By: Julia Reinitz
The first half of Obama's term saw the passage of the Waxman-Markey Cap and Trade Bill in the House. Obama nearly quadrupled clean energy production on public land - and yet, portions of his State of the Union Address on January 24th advocated heavily for that environmental demon, fossil fuel.
Under the ambiguous umbrella of an "all-of-the-above strategy," the President touted domestic oil production’s 16-year high, an alleged hundred year supply of natural gas, and plans to open 75 percent of our potential offshore oil and gas resources. While the address also included remarks about the importance of passing clean energy tax credit, the number of concrete proposals expanding clean energy was tiny compared to the number of concrete fossil fuel based proposals.
Why is this the case? Why such rhetoric from a President we all thought would be such a friend to the environment? There are a couple of reasons.
The most obvious reason is an election-year appeal to swing voters. These voters do not care how we lower demand for foreign oil, as long as we do so, and these voters believe in the mantra of Sarah Palin, “drill baby drill." This constituency is not, however so conservative that they simply would not vote for Obama are courted big time with terms like “all-of-the-above strategy." A 2011 Rasmussen poll found that approximately 50% of Americans would support drilling in the Arctic National Wildlife Reserve (ANWR). ANWR famously sits on lots of oil, but is also a crucial area of habitat preservation in Alaska. The Obama Administration could woo these voters by expanding oil and natural gas production. In a similar vein, plenty of people are unhappy with the likely presidential veto awaiting that Keystone Pipeline deal. Promising other development of fossil fuels would pacify the people unhappy with the Keystone decision.

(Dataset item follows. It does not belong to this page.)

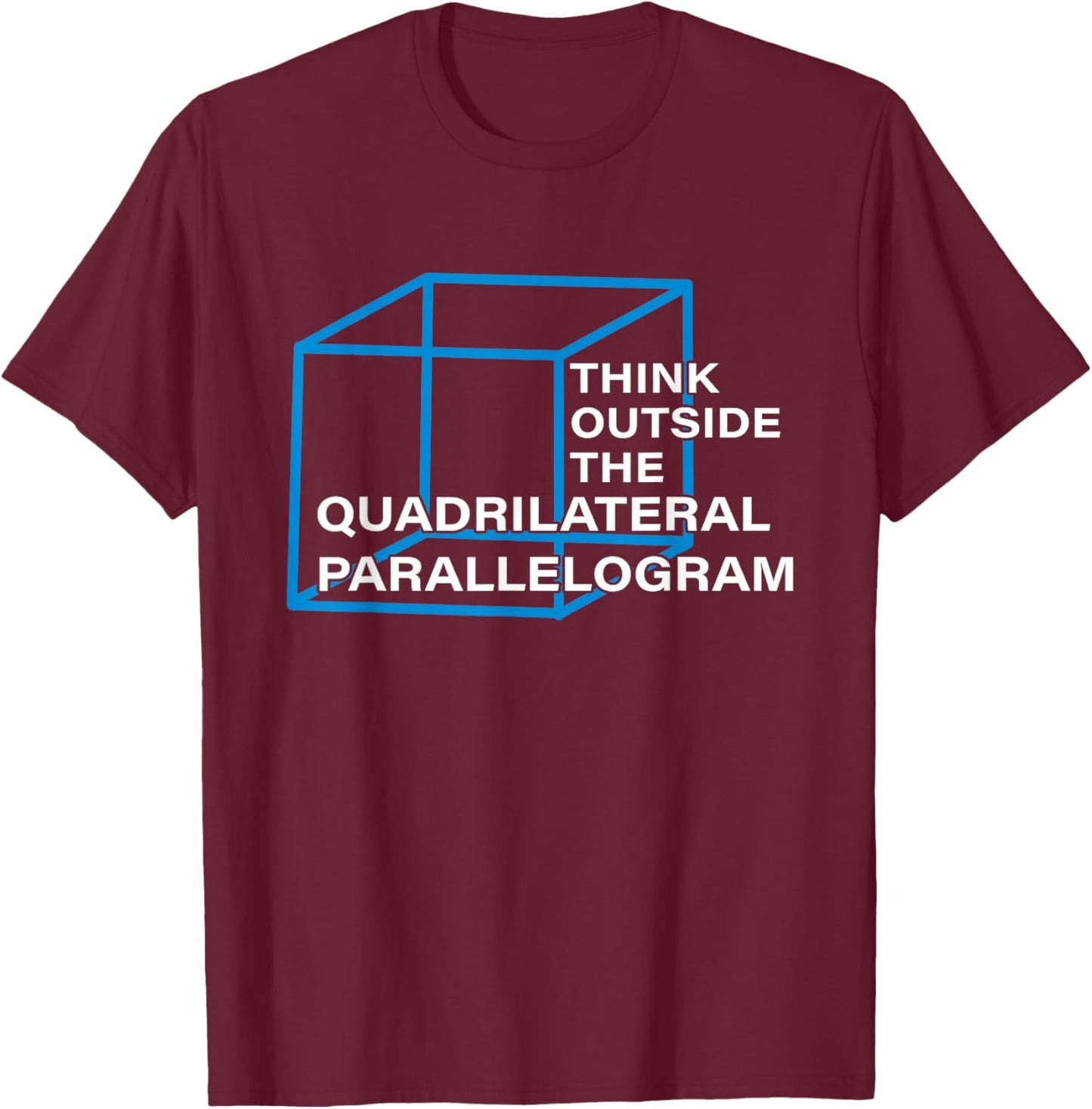 Think Outside, The Quadrilateral Parallelogram, Punny T-Shirt - T-Shirt | Maroon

Another likely reason relates to the Solyndra scandal plaguing the Obama White House. Solyndra, a company that made silicone-free solar panels, received $528 million in federal stimulus money, and declared bankruptcy in August 2011. American citizens were nonplussed and upset with the waste of government funds. Critics of the Obama Administration cited the incident as proof-positive that the federal government should not subsidize private clean energy efforts. As more information about the scandal surfaced, the situation only appeared bleaker for President Obama. The findings of a House panel indicated that an improper loan restructuring performed by the Department of Energy paid private investors before payment to the government in case of a default. Furthermore, an audit of all of the loan guarantees of the Department of Energy, such as subsidies to clean energy firms, is concluding this week. The breadth and depth of said audit demonstrates the extent of distrust in the Obama administration policies on renewable energy.
It is not easy for any administration to set energy policy. Political controversies emerge from the delicate balance amongst environmental concerns, energy needs, and economic interests. A good example is the recent concern over “fracking”, or hydraulic fracturing for fossil fuel extraction. Fracking illustrated the extent to which sweeping laws like the Clean Air and Clean Water Acts still leave huge amounts of room for interpretation. The issue isn’t helped, either, by the fact that high-level federal courts rarely make rulings on environmental issues.
If you are the president of these United States, you have to take all of these interests and issues into consideration when directing the EPA and making proposals to Congress. I understand why Obama took the State of the Union in the direction he did. I do not think, however, there is a good reason to back away from protecting ecosystems and natural resources, especially fear of conservative criticism and the media. Stop arguing over Keystone, and stop trying to place blame for Solyndra, and give us the clean jobs we were promised.
Julia Reinitz is a first year in the College.